The Snap Store, where containerized Snap apps are distributed for Ubuntu’s Linux distribution, has been attacked for months by fake crypto wallet uploads that seek to steal users’ currencies. As a result, engineers at Ubuntu’s parent firm are now manually reviewing apps uploaded to the store before they are available.
The move follows weeks of reporting by Alan Pope, a former Canonical/Ubuntu staffer on the Snapcraft team, who is still very active in the ecosystem. In February, Pope blogged about how one bitcoin investor lost nine bitcoins (about $490,000 at the time) by using an “Exodus Wallet” app from the Snap store. Exodus is a known cryptocurrency wallet, but this wallet was not from that entity. As detailed by one user wondering what happened on the Snapcraft forums, the wallet immediately transferred his entire balance to an unknown address after a 12-word recovery phrase was entered (which Exodus tells you on support pages never to do).
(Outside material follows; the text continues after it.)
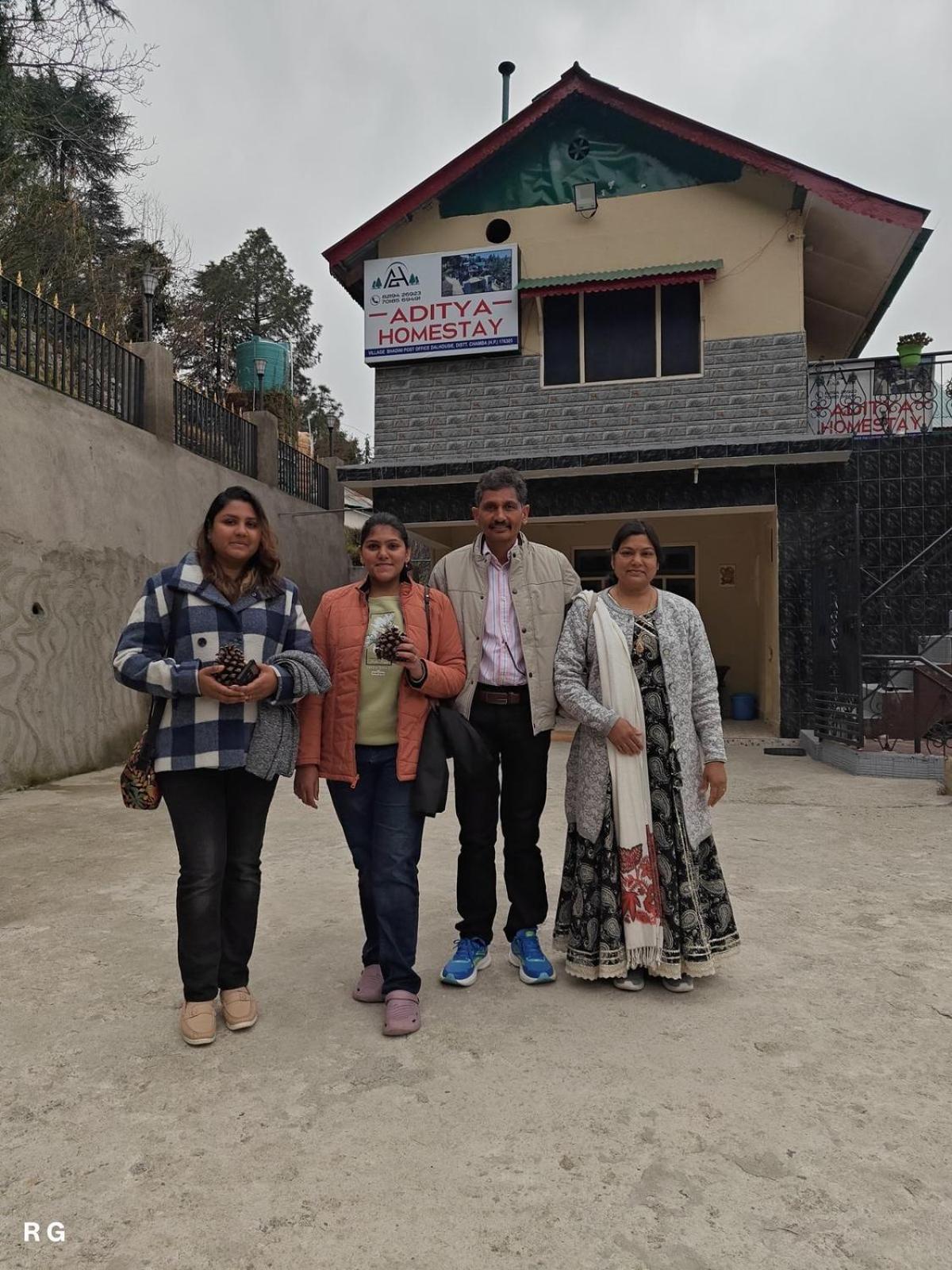 Aditya Homestay Dalhousie Exterior foto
Pope takes pains to note that cryptocurrency is inherently fraught with loss risk. Still, Ubuntu’s App Center, which presents the Snap Store for desktop users, tagged the “Exodus” app as “Safe,” and the web version of the Snap Store describes Snaps as “safe to run.” While Ubuntu is describing apps as “Safe” in the sense of being an auto-updating container with runtime confinement (or “sandboxed”), a green checkmark with “Safe” next to it could be misread, especially by a newcomer to Ubuntu, Snaps, and Linux generally.